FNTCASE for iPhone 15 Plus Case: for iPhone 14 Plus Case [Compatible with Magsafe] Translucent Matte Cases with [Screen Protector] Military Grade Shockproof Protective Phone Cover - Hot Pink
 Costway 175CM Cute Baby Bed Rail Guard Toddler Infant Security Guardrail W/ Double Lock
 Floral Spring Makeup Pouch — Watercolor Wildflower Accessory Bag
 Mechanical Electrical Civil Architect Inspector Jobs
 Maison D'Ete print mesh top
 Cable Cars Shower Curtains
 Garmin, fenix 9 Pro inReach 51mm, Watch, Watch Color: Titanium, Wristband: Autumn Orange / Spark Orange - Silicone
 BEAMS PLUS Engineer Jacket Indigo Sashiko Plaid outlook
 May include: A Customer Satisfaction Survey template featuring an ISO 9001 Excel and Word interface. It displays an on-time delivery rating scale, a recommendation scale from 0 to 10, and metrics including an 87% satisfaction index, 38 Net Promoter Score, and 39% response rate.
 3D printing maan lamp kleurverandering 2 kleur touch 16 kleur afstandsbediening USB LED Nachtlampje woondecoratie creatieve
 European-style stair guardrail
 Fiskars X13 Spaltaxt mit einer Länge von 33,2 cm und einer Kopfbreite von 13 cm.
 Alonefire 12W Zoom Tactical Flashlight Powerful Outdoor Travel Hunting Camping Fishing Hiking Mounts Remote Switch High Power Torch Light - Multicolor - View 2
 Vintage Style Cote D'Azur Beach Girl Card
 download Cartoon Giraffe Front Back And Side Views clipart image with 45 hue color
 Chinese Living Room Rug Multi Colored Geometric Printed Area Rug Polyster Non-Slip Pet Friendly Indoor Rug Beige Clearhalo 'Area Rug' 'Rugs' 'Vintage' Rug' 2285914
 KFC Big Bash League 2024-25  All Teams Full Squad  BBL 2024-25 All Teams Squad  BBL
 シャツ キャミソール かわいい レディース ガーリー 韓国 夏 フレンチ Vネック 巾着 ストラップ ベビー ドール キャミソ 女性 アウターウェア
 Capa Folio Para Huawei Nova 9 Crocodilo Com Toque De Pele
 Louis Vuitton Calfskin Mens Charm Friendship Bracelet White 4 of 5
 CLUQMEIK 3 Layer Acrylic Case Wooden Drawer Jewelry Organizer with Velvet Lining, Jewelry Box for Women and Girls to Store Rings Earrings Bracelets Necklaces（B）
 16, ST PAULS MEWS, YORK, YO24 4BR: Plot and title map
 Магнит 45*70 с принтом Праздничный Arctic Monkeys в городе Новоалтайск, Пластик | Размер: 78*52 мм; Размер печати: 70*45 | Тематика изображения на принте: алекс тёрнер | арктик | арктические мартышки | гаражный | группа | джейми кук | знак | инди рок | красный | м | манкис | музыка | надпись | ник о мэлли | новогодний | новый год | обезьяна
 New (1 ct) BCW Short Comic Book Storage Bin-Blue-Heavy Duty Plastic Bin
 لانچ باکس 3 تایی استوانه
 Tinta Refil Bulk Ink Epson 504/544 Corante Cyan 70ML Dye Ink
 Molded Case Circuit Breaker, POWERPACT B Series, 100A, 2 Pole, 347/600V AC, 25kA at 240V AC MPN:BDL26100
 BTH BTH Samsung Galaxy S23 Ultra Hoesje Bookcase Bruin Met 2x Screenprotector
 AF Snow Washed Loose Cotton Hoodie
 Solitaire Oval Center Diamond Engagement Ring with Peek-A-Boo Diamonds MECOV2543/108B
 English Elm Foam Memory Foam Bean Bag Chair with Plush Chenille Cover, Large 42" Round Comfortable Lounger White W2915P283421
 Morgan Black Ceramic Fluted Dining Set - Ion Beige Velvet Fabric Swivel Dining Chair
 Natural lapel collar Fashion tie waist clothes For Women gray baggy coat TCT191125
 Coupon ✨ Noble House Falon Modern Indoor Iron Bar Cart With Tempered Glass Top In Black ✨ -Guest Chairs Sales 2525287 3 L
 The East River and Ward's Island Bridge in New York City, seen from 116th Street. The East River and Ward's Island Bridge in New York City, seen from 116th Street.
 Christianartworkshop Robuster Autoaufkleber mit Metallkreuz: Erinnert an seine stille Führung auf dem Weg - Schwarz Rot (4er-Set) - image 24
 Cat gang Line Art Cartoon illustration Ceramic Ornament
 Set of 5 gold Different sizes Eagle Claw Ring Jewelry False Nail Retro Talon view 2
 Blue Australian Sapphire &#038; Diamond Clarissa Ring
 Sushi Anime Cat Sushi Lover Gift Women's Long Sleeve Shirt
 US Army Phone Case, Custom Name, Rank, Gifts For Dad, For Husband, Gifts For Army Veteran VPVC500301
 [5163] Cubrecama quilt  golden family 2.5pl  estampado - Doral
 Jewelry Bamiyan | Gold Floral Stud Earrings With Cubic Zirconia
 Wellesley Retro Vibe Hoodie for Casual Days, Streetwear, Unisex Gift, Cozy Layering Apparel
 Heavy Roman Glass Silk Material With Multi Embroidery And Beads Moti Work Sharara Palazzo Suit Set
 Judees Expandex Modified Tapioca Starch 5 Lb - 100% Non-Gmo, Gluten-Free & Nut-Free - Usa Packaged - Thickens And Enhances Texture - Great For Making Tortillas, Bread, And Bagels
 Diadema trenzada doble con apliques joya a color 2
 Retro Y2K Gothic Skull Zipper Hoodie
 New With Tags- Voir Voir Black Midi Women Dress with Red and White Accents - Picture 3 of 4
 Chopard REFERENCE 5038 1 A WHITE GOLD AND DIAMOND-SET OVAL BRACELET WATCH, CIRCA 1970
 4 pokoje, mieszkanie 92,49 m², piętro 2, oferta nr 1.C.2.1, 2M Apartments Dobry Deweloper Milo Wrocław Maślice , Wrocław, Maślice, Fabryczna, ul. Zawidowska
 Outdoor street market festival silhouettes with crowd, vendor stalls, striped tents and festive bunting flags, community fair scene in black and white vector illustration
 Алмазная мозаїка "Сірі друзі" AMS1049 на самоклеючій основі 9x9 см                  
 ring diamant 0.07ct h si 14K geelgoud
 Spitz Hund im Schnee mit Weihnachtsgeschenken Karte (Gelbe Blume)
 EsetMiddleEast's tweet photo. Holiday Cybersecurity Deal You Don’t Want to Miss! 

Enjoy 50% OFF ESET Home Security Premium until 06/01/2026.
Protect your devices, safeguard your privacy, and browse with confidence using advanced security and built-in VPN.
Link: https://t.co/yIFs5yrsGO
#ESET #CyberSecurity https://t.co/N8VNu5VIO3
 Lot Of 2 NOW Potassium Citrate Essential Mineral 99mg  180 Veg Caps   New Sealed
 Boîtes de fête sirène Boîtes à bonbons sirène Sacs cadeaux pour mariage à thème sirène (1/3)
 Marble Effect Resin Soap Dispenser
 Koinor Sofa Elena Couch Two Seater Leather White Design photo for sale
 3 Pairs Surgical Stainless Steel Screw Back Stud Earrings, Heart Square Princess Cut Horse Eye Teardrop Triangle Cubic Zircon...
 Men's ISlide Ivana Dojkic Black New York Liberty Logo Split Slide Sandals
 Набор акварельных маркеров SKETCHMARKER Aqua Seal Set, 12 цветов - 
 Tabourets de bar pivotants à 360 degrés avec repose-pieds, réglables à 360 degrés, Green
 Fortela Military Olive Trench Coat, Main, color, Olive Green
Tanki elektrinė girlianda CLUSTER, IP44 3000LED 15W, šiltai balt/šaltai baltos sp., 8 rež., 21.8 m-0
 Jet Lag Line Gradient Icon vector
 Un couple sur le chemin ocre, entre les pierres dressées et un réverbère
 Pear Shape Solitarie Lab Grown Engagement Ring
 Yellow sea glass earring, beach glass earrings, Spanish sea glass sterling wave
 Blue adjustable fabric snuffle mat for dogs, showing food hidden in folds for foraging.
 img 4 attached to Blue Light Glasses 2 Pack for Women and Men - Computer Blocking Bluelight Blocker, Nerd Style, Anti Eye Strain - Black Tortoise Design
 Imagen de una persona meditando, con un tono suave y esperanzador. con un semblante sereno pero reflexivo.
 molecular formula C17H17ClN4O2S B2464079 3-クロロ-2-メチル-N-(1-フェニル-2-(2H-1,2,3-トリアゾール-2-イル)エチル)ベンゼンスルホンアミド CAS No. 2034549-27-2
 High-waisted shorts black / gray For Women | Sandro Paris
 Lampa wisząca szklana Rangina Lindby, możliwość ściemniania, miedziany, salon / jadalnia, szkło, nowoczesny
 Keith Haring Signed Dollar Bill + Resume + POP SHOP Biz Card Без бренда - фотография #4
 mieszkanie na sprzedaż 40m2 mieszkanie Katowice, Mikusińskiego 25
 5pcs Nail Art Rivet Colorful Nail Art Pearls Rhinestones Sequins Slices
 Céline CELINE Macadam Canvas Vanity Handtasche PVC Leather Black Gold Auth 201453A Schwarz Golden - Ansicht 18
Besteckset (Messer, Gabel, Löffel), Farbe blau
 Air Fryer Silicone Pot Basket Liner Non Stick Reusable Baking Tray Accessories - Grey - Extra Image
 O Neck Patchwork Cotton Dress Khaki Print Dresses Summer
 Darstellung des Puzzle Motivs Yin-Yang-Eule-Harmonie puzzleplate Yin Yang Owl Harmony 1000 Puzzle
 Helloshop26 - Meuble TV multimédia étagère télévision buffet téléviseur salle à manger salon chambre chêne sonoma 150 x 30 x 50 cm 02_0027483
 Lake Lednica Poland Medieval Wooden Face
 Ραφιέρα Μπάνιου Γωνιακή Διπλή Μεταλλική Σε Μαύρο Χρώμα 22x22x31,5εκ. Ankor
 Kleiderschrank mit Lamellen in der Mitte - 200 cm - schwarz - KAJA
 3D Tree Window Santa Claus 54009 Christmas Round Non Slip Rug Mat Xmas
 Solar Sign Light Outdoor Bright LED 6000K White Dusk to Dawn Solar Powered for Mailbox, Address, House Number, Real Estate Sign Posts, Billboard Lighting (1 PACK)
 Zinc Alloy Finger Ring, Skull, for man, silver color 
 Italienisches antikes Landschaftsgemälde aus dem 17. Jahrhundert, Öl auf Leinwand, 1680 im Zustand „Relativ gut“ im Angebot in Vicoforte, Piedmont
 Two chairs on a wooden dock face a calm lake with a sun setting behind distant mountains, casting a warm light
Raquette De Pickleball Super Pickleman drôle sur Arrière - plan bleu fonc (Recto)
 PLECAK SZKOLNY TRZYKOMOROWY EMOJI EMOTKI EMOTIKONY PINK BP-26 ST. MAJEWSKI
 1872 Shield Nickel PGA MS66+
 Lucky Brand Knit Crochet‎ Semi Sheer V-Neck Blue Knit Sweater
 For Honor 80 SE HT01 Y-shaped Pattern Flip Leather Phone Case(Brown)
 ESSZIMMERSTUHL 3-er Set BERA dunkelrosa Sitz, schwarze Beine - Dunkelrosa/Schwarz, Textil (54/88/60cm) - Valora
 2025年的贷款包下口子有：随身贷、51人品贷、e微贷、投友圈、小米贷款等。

DESCRIPTION OF THE TASK: Reproduce exactly, and with no other material, the lines between those holding "Protect your devices, safeguard" and "Yellow sea glass", inclusive.

TASK RESULT:
Protect your devices, safeguard your privacy, and browse with confidence using advanced security and built-in VPN.
Link: https://t.co/yIFs5yrsGO
#ESET #CyberSecurity https://t.co/N8VNu5VIO3
 Lot Of 2 NOW Potassium Citrate Essential Mineral 99mg  180 Veg Caps   New Sealed
 Boîtes de fête sirène Boîtes à bonbons sirène Sacs cadeaux pour mariage à thème sirène (1/3)
 Marble Effect Resin Soap Dispenser
 Koinor Sofa Elena Couch Two Seater Leather White Design photo for sale
 3 Pairs Surgical Stainless Steel Screw Back Stud Earrings, Heart Square Princess Cut Horse Eye Teardrop Triangle Cubic Zircon...
 Men's ISlide Ivana Dojkic Black New York Liberty Logo Split Slide Sandals
 Набор акварельных маркеров SKETCHMARKER Aqua Seal Set, 12 цветов - 
 Tabourets de bar pivotants à 360 degrés avec repose-pieds, réglables à 360 degrés, Green
 Fortela Military Olive Trench Coat, Main, color, Olive Green
Tanki elektrinė girlianda CLUSTER, IP44 3000LED 15W, šiltai balt/šaltai baltos sp., 8 rež., 21.8 m-0
 Jet Lag Line Gradient Icon vector
 Un couple sur le chemin ocre, entre les pierres dressées et un réverbère
 Pear Shape Solitarie Lab Grown Engagement Ring
 Yellow sea glass earring, beach glass earrings, Spanish sea glass sterling wave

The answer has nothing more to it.